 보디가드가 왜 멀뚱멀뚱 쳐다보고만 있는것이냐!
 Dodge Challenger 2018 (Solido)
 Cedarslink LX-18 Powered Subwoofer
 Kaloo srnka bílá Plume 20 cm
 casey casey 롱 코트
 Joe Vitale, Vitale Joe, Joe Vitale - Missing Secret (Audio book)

========

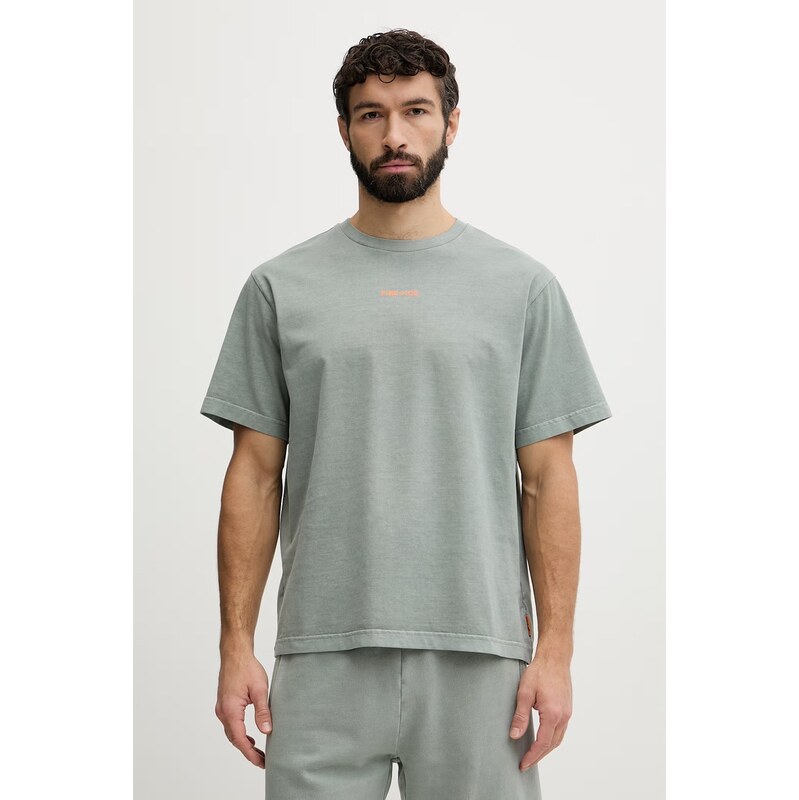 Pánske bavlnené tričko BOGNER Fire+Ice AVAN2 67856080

========

**Problem details:**
Look above for the line holding "Dodge Challenger 2018 (Solido)", then set down exactly that line and every line after it up to and including the line holding "Joe Vitale, Vitale", with nothing else.

**Response below:**
 Dodge Challenger 2018 (Solido)
 Cedarslink LX-18 Powered Subwoofer
 Kaloo srnka bílá Plume 20 cm
 casey casey 롱 코트
 Joe Vitale, Vitale Joe, Joe Vitale - Missing Secret (Audio book)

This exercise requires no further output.